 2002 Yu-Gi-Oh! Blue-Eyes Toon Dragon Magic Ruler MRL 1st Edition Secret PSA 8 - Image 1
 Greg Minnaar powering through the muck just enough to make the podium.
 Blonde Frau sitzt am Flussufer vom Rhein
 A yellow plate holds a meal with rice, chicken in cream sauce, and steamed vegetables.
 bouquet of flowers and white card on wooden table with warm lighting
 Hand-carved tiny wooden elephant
********
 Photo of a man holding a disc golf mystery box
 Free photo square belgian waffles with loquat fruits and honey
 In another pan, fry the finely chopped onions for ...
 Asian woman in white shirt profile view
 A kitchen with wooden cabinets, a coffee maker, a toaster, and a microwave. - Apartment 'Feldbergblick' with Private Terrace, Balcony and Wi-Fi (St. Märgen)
********
## How to complete this task
Beginning at the line above that contains "2002 Yu-Gi-Oh! Blue-Eyes", return each line exactly through the line that contains "Hand-carved tiny wooden elephant", and no others.

## Task solution
 2002 Yu-Gi-Oh! Blue-Eyes Toon Dragon Magic Ruler MRL 1st Edition Secret PSA 8 - Image 1
 Greg Minnaar powering through the muck just enough to make the podium.
 Blonde Frau sitzt am Flussufer vom Rhein
 A yellow plate holds a meal with rice, chicken in cream sauce, and steamed vegetables.
 bouquet of flowers and white card on wooden table with warm lighting
 Hand-carved tiny wooden elephant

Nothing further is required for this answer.